*Instructions for the task:* Using the data below, return word for word every line from the one holding "В объективе животные." down to the one holding "Scubapro nexus hotsell snorkel". Leave pictures out.

Material shown Start Marker

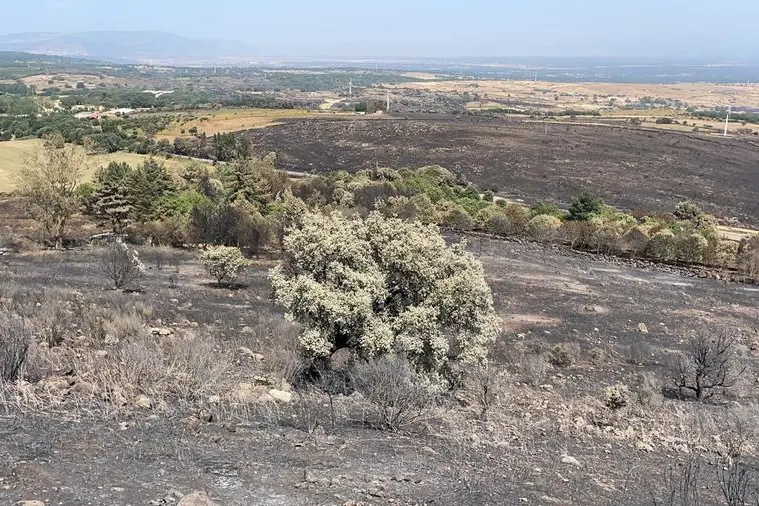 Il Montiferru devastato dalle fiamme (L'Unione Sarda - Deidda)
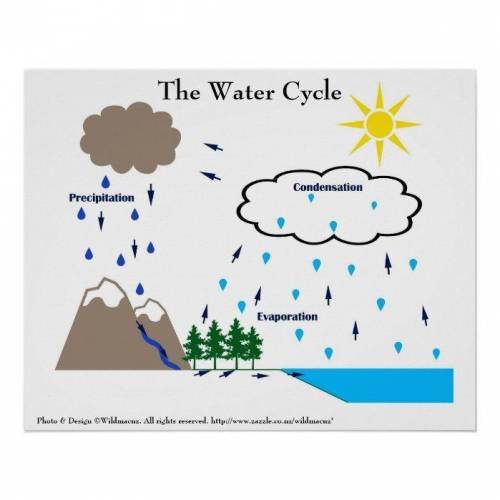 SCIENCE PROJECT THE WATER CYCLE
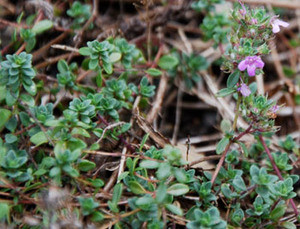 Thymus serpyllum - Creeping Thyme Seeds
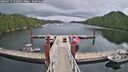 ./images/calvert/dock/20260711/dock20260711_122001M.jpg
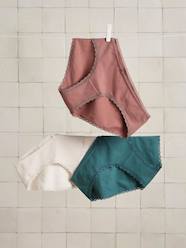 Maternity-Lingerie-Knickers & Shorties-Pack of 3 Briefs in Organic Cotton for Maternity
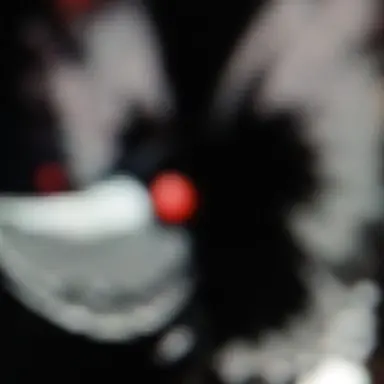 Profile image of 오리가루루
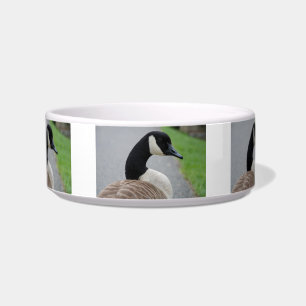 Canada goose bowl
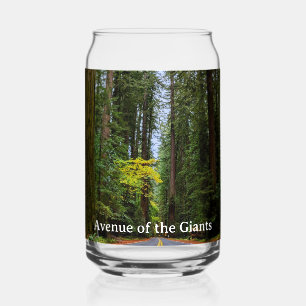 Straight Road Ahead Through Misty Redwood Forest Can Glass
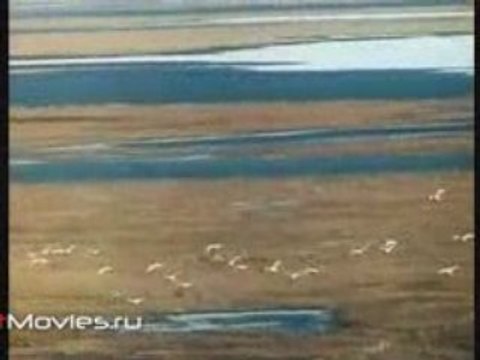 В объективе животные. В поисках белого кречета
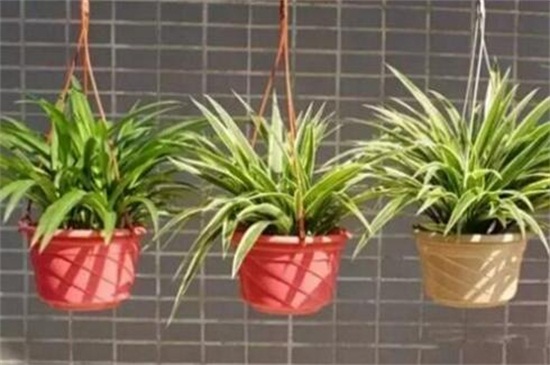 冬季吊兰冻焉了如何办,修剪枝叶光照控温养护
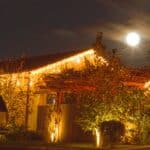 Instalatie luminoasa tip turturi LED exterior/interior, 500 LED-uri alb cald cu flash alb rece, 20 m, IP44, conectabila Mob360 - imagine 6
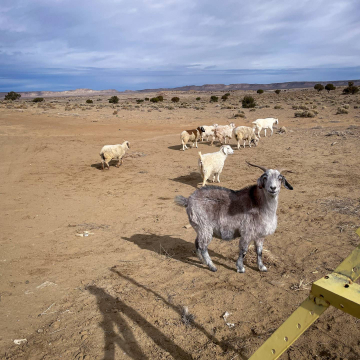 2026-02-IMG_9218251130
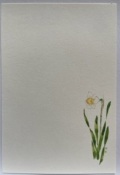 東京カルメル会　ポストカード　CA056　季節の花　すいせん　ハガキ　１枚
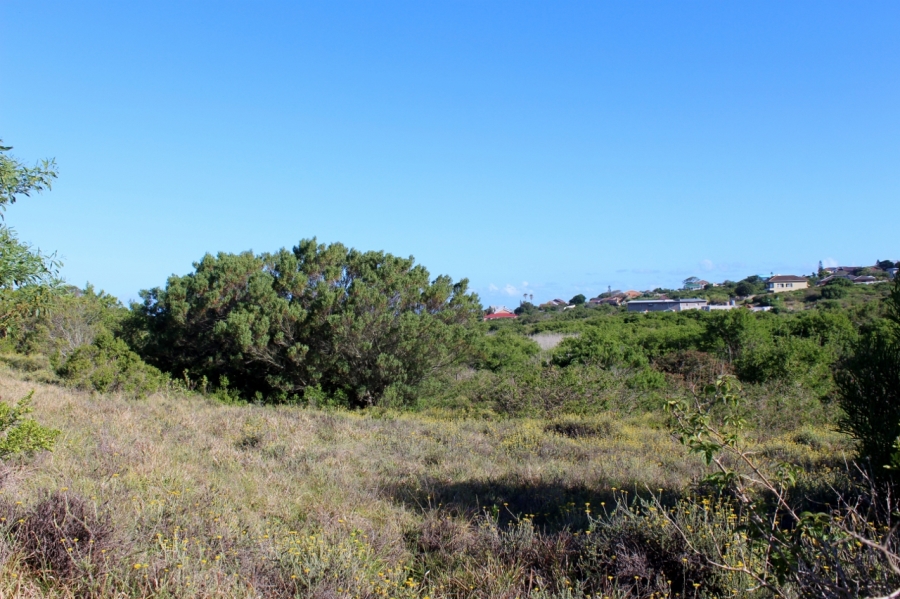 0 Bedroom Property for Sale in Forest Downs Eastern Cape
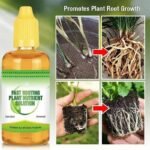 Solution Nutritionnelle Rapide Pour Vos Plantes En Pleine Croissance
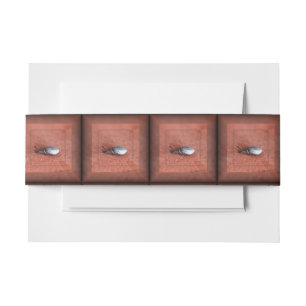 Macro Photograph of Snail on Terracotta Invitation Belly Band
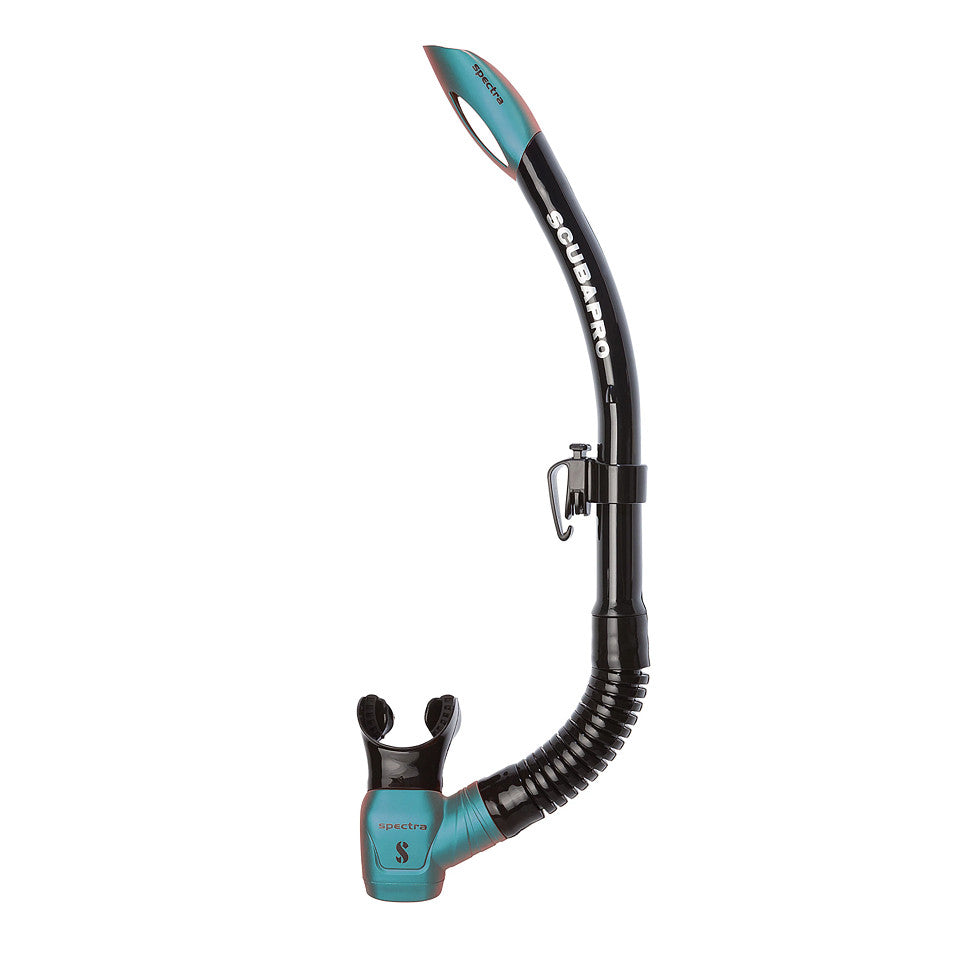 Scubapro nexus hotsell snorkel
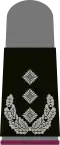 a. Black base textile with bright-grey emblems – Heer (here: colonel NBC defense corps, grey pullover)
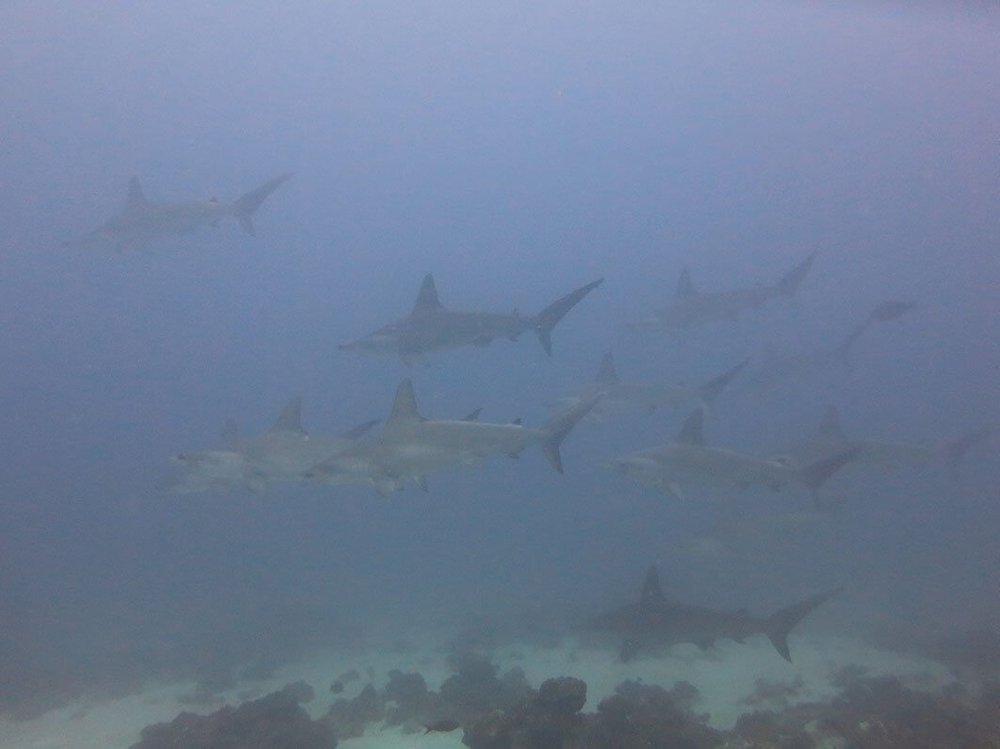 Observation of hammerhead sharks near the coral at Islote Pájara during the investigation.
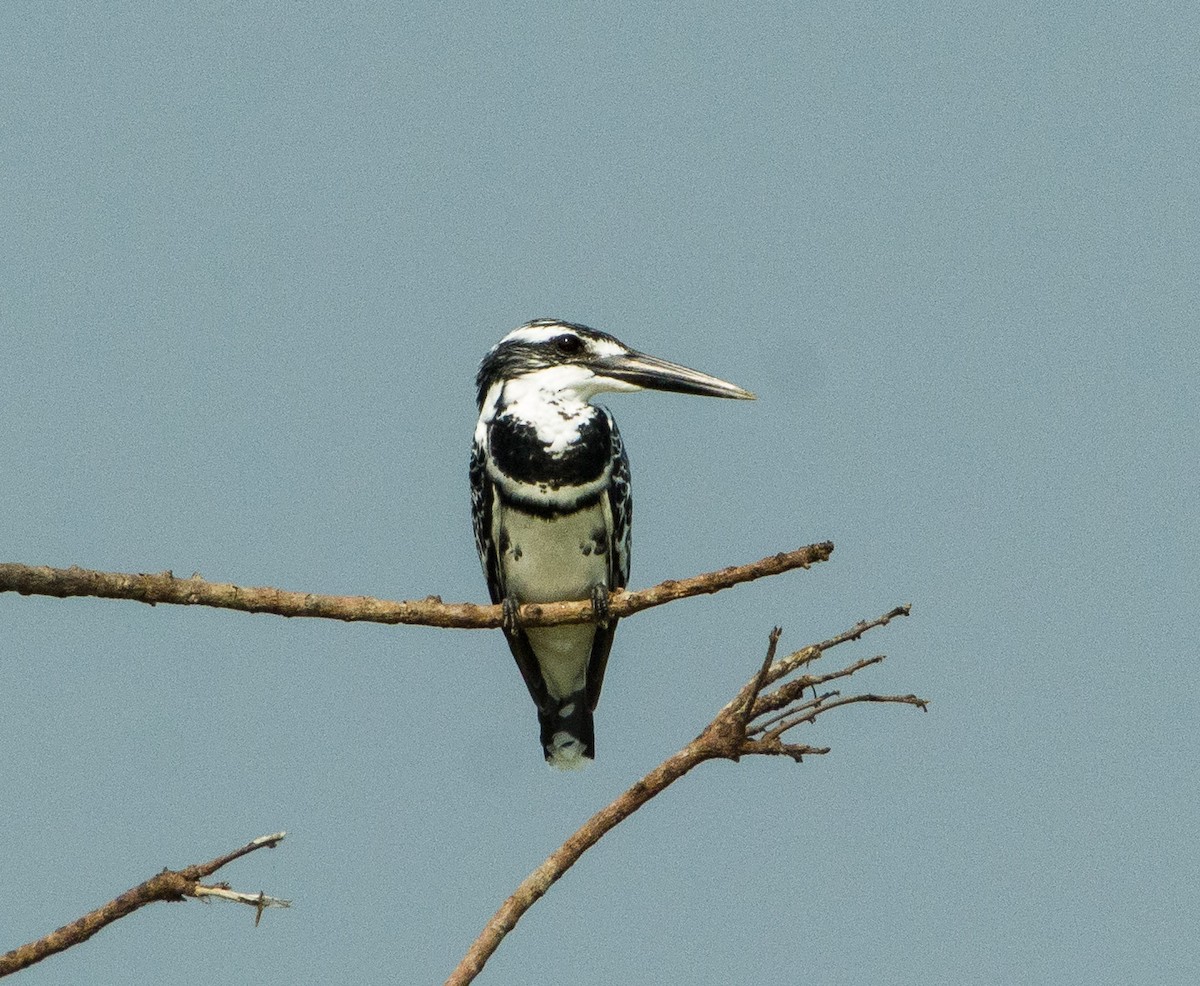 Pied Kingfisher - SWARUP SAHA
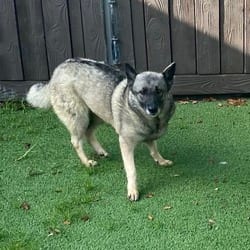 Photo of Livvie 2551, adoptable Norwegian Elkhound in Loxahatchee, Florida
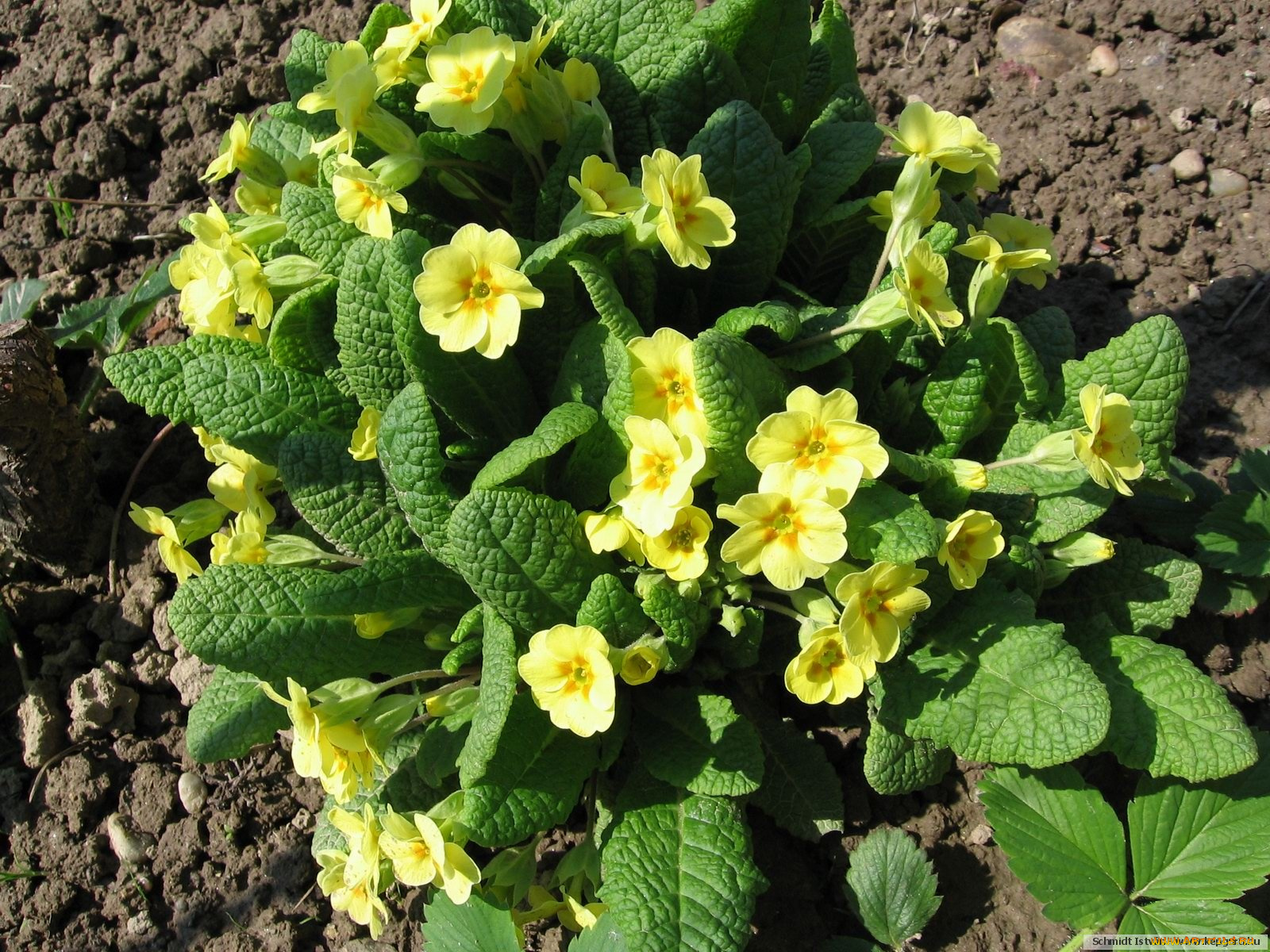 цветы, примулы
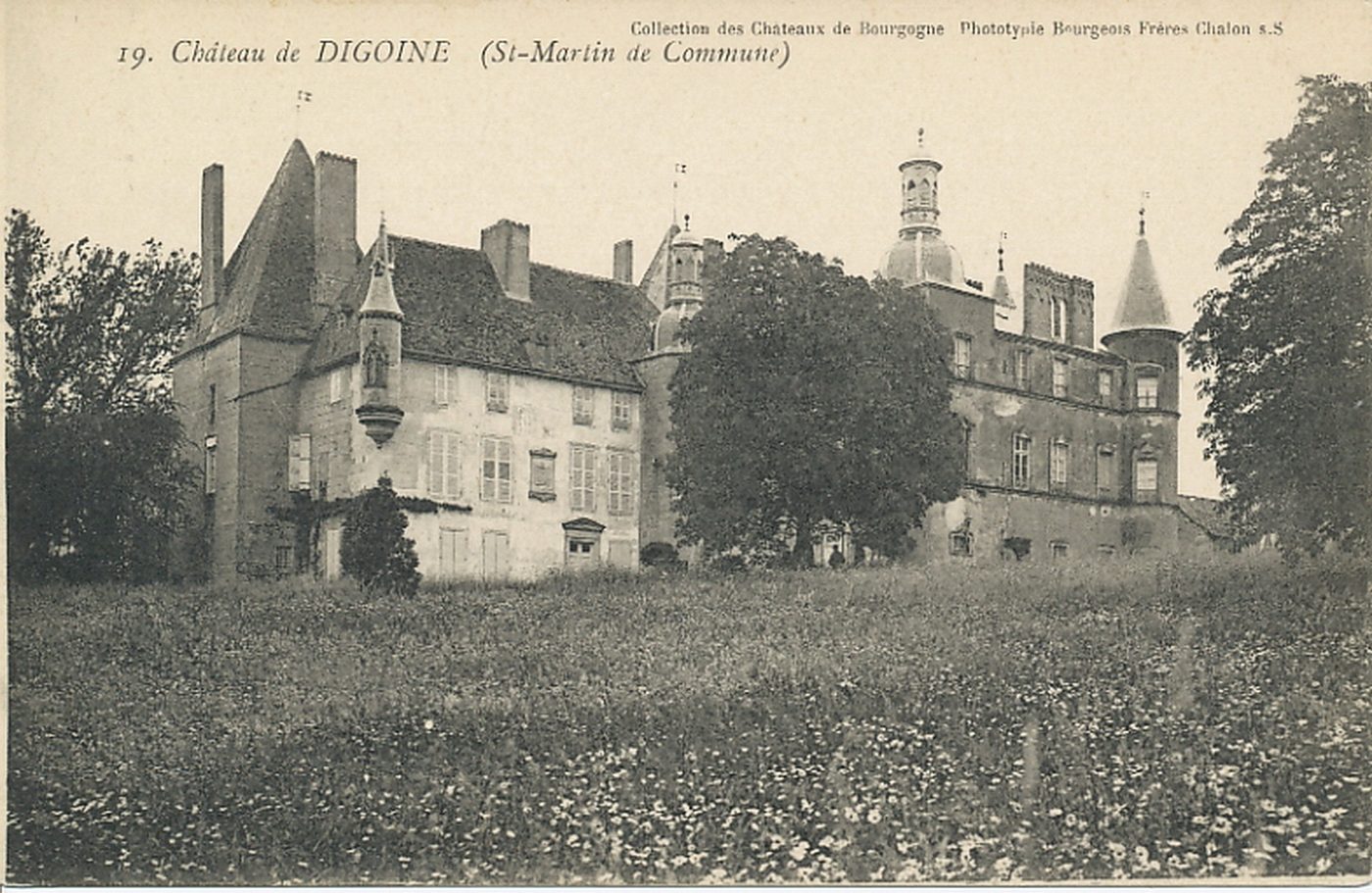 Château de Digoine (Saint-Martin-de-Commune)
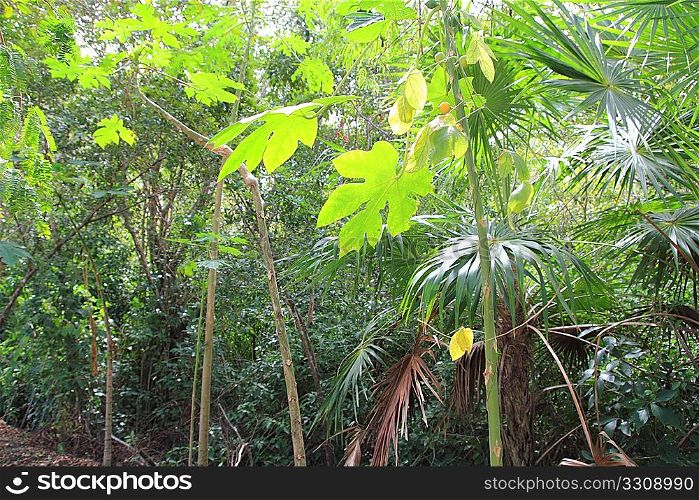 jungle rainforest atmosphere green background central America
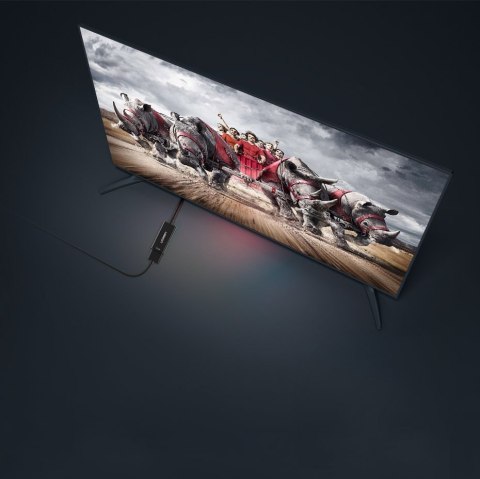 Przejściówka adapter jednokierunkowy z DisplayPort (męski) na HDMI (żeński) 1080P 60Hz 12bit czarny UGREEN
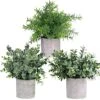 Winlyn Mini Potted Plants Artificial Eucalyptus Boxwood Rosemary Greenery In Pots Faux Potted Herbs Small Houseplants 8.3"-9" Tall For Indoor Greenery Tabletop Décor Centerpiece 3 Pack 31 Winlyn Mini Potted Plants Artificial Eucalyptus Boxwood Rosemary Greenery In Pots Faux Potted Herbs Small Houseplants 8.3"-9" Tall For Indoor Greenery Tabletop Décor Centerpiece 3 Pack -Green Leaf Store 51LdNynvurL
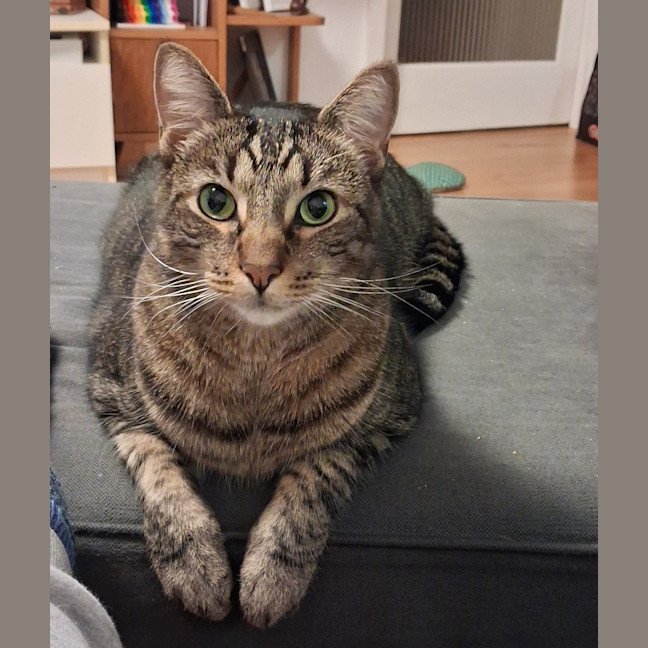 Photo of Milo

Material shown End Marker

*Result of the task:*
 В объективе животные. В поисках белого кречета
 冬季吊兰冻焉了如何办,修剪枝叶光照控温养护
 Instalatie luminoasa tip turturi LED exterior/interior, 500 LED-uri alb cald cu flash alb rece, 20 m, IP44, conectabila Mob360 - imagine 6
 2026-02-IMG_9218251130
 東京カルメル会　ポストカード　CA056　季節の花　すいせん　ハガキ　１枚
 0 Bedroom Property for Sale in Forest Downs Eastern Cape
 Solution Nutritionnelle Rapide Pour Vos Plantes En Pleine Croissance
 Macro Photograph of Snail on Terracotta Invitation Belly Band
 Scubapro nexus hotsell snorkel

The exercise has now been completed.